Task statement
Each entry below is to be given again word for word, with no pictures.
##### Records supplied
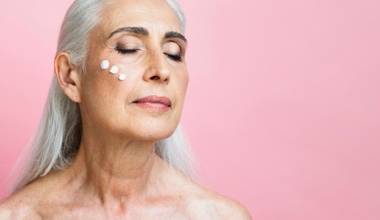 Soin du visage Ambre Bleu Organics Bio a l'institut Terre de Beaute a Venansault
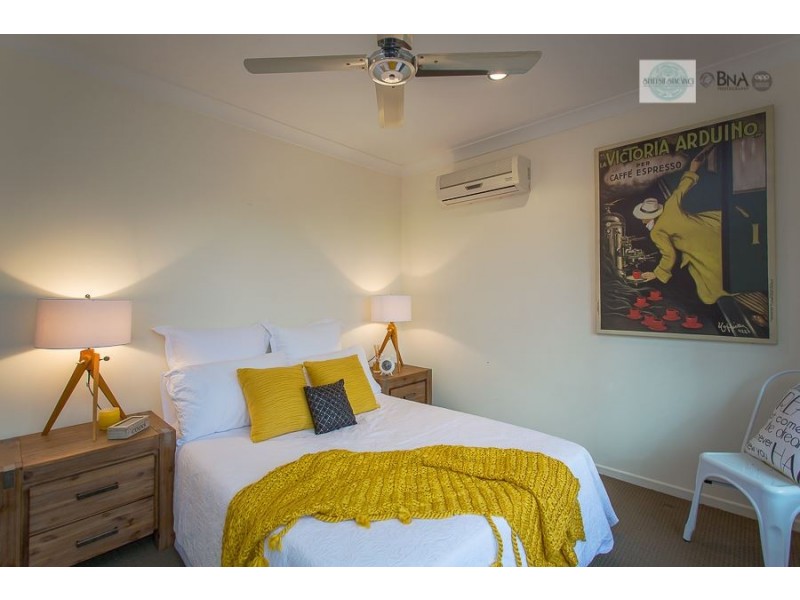 13 Eva Parade, Glenella QLD 4740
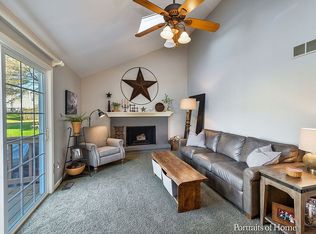 1704 Larson Ave, St Charles, IL 60174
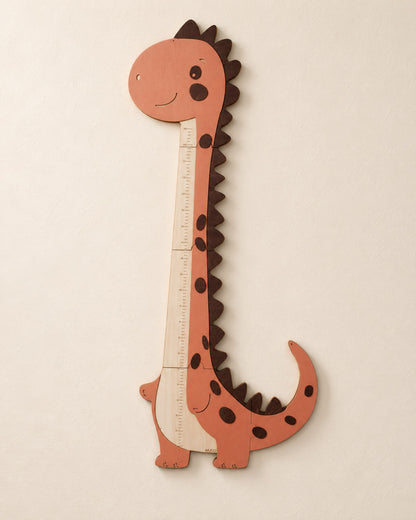 Metro crescita MangoSauro, dinosauro in legno color terracotta con macchie e cresta marroni, appeso alla parete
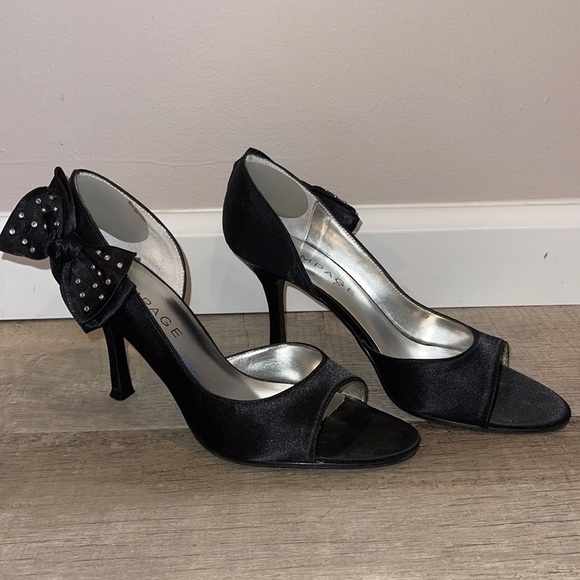 Rampage Black Satin Peep Toe Pumps - Picture 1 of 8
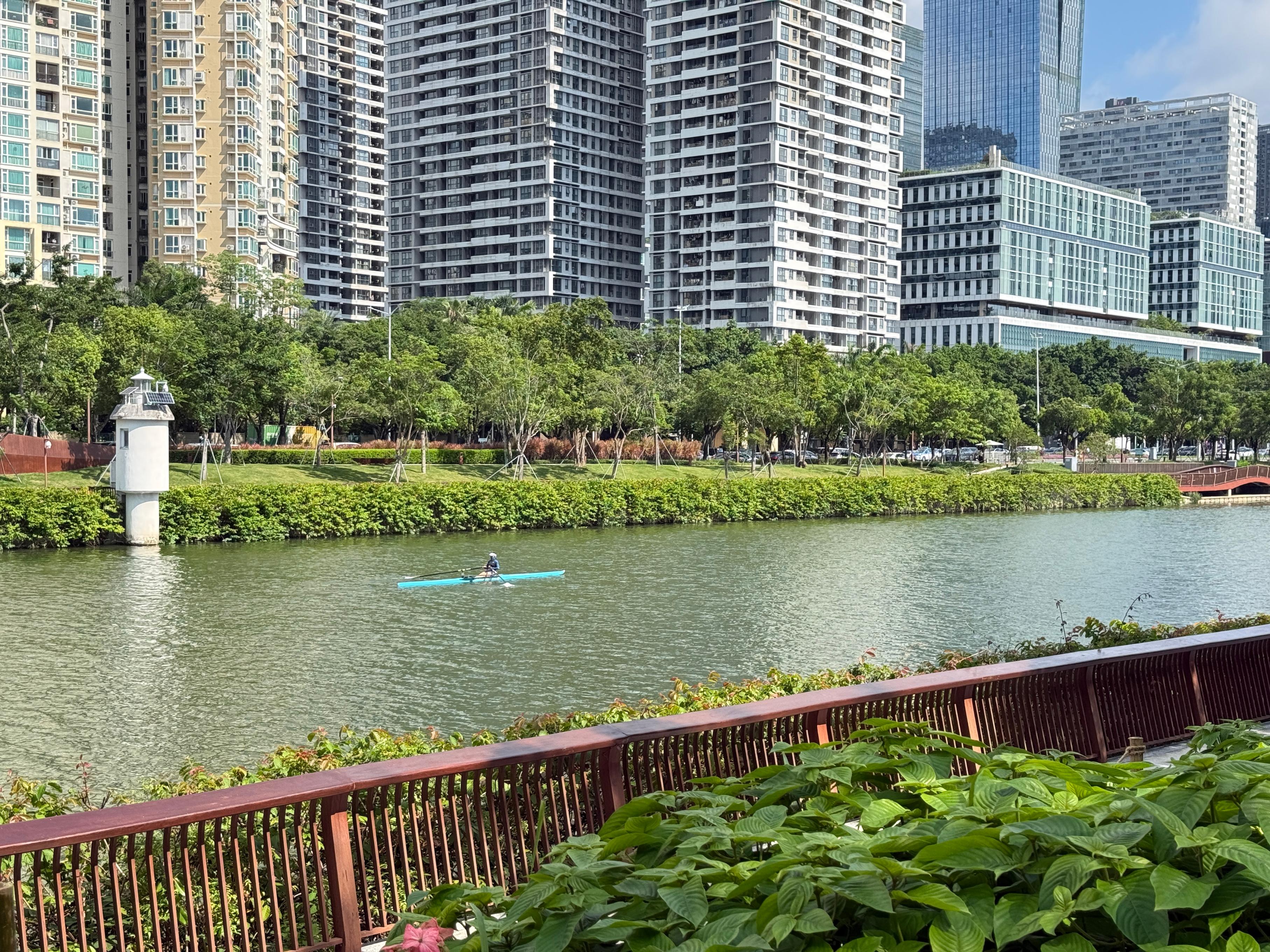 大沙河上市民划单人单桨。人民网记者 欧阳易佳摄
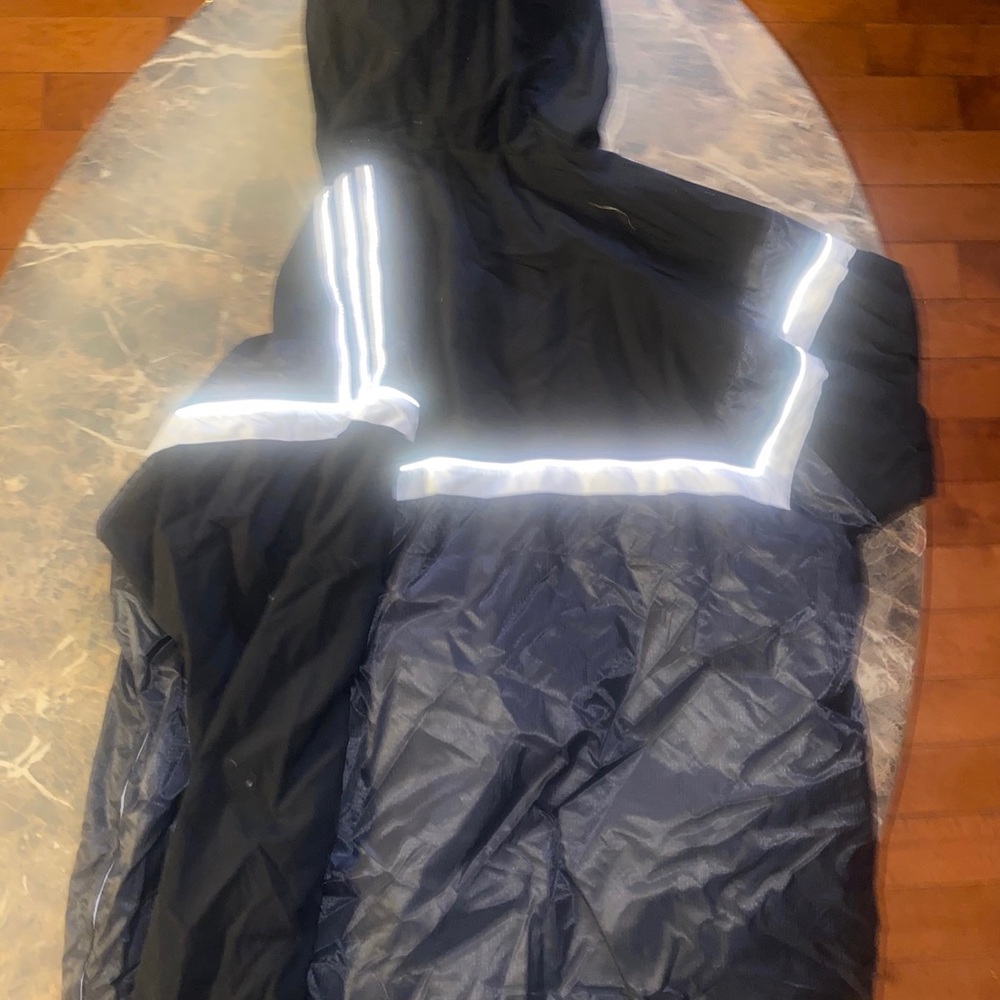 Women’s adida jacket - Picture 3 of 3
##########
Response to this task
 Soin du visage Ambre Bleu Organics Bio a l'institut Terre de Beaute a Venansault
 13 Eva Parade, Glenella QLD 4740
 1704 Larson Ave, St Charles, IL 60174
 Metro crescita MangoSauro, dinosauro in legno color terracotta con macchie e cresta marroni, appeso alla parete
 Rampage Black Satin Peep Toe Pumps - Picture 1 of 8
 大沙河上市民划单人单桨。人民网记者 欧阳易佳摄
 Women’s adida jacket - Picture 3 of 3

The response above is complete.